Acapkali Herni mencacah papaya dan meletakkan di pematang. Alih-alih makan padi, tikus akan makan makanan yang telah disediakan itu.
“Kalau saya rasakan, tikus juga tahu kok, kalau kita memperhatikannya sehingga mereka tidak merusak,” kata Herni.
Mengusir tikus juga bisa dilakukan dengan menanam tanaman beraroma menyengat, seperti serai dan dlingo bengle. Tikus tak suka aroma itu, lalu pergi.

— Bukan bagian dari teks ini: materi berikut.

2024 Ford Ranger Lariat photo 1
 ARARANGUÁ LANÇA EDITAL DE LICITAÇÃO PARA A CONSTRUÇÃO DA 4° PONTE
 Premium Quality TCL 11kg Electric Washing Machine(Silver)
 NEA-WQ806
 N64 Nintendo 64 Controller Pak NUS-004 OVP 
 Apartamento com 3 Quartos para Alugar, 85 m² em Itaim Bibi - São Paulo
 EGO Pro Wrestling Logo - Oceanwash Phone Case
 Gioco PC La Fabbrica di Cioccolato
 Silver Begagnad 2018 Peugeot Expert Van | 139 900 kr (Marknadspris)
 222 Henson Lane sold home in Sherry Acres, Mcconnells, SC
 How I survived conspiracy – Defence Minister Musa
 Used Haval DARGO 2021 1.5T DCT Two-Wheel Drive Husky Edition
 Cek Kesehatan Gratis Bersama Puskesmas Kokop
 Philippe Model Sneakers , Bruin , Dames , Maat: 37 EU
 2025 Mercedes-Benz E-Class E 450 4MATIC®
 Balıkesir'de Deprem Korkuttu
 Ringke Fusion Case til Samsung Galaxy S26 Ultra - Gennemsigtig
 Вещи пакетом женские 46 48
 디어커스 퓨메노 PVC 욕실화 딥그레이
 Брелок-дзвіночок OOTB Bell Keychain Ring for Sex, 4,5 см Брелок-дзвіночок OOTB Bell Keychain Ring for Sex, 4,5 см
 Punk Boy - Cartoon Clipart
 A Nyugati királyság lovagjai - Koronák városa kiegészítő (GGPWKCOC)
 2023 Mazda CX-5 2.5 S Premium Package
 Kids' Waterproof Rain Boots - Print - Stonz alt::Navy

“Dan itu sungguh-sungguh terjadi. Orang-orang di dusun ini tahu persis. Sini habis, tapi tempat saya hanya dimakan sebagian, disisain banyak. Itu pengalaman yang sukses,” kenang Herni.
Persoalannya, pestisida yang dianjurkan pemerintah bersifat membunuh karena produk kimia yang mengandung unsur racun. Sementara yang dipraktikkan dalam pertanian lestari adalah mengendalikan hama, bukan membunuhnya.
Praktik meracun tikus pernah dilakukan sejumlah petani saat hama tikus merajalela. Bukannya berhenti, ulah tikus makin ganas hingga menyerang petak-petak sawah lainnya. Panen padi pun banyak yang gagal.
“Kalau satu dimatikan, teman-temannya juga akan merusak,” terang Herni.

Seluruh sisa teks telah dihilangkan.